*TRY IT*. Make an exact copy of the listing so that no picture is carried over.

*INPUT DATA*.
========================================================================

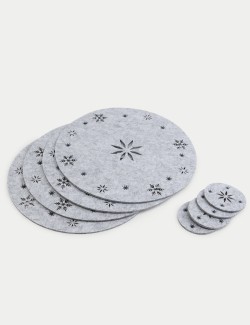 Set of 4 Felt Snowflake Placemats & 4 Coasters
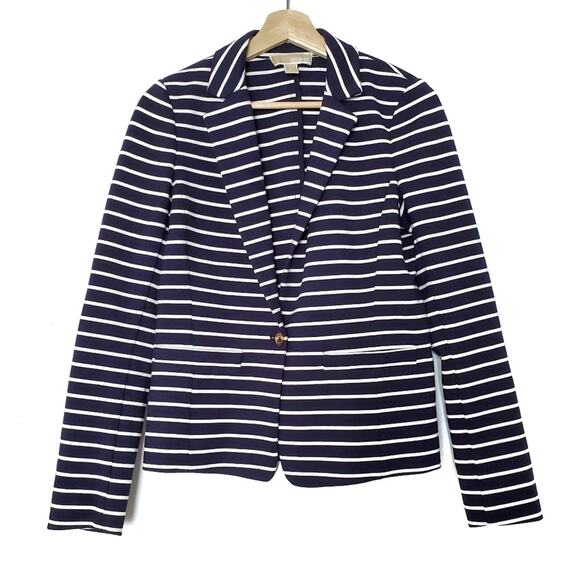 Michael Kors | Navy White Striped Soft Blazer - Picture 1 of 6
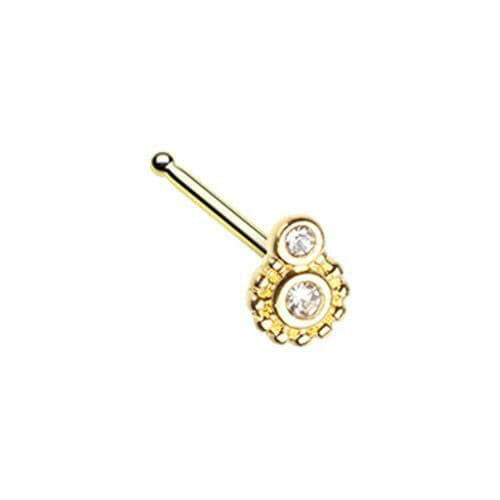 Golden Steampunk Gear Nose Stud Ring Nose Ring Impulse Piercings Default Title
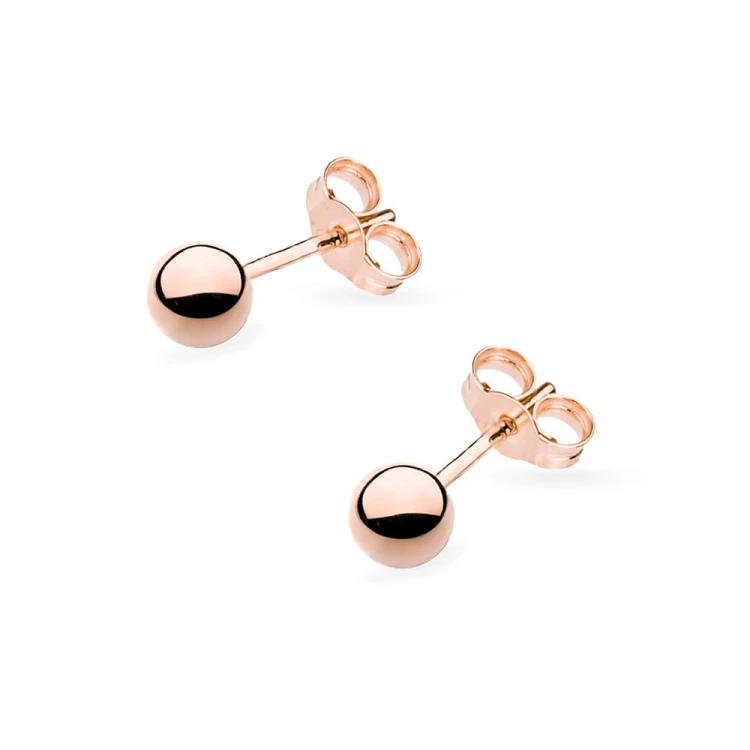 Srebrne klasyczne kolczyki kulki 4mm rose gold wkrętki Jeso K1413-925-R marko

========================================================================

*RESPONSE TO THE EXERCISE*.
 Set of 4 Felt Snowflake Placemats & 4 Coasters
 Michael Kors | Navy White Striped Soft Blazer - Picture 1 of 6
 Golden Steampunk Gear Nose Stud Ring Nose Ring Impulse Piercings Default Title
 Srebrne klasyczne kolczyki kulki 4mm rose gold wkrętki Jeso K1413-925-R marko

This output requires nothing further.